AEnertia writes "Novell have been quick in moving ahead with their recent aquisition of SuSE. I was browsing their site when I found this page describing their new certification (CLE) under their certifications programs. Looks like they are positioning their well respected certification program for their newest asset."

14 of 248 comments (clear)

  1. Fake "engineer" certs should not be legal by Rex+Code · · Score: 5, Insightful

    I went to a real engineering school to learn Computer Engineering (a 4 year EEE + CS program), and every time I see a company create a certification program that takes less than a month to become an "engineer", well... it makes me cringe. I know in other parts of the world that it's not legal to abuse terminology like that, and wish the US would adopt some similar standards. This dilutes the prestige associated with earning an actual engineering degree (really, there is some!).

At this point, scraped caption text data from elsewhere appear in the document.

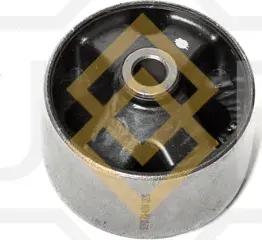 Опора двигателя | перед | (Sufix). Артикул FM-4284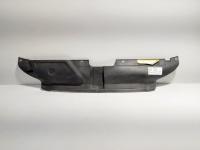 Capac panou frontal, cod 8K0807081D, Audi A4 Avant (8K5, B8) (idi:714970)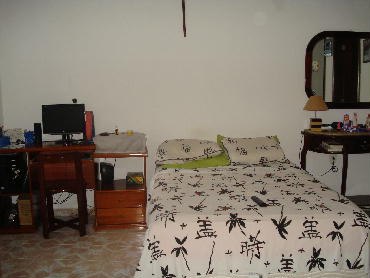 Conheça FOTO14 do imóvel - Casa à venda Rua Dezoito de Outubro,Tijuca, Rio de Janeiro - R$ 1.800.000 - EC7179 - 15 FOTO14 - Casa à venda Rua Dezoito de Outubro,Tijuca, Rio de Janeiro - R$ 1.800.000 - EC7179 - 15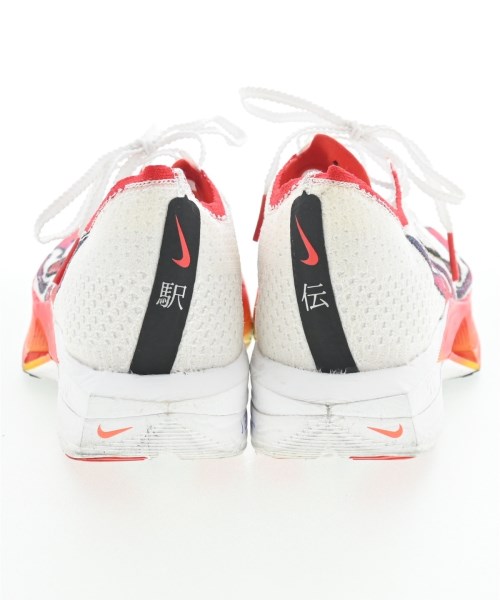 NIKE（ナイキ）スニーカー 白 サイズ:24cm レディース/2200687294053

    I know the difference between a real engineer and a fake one, but I'm not so sure the average guy on the street understands the distinction. I also suspect people in hiring positions give a lot more weight to a certification that pretends to be an engineering degree than they really should.

    1. Re:Fake "engineer" certs should not be legal by BeerMilkshake · · Score: 5, Insightful

      Of course, if IT became a Profession (like engineering, medicine, law, real-estate, accounting,...) then there would be a regulating body with real power to stop people from practicing when they do not have the necessary credentials.

      Such a body would also help educational institutions in preparing their curricula and would promote ethical practice.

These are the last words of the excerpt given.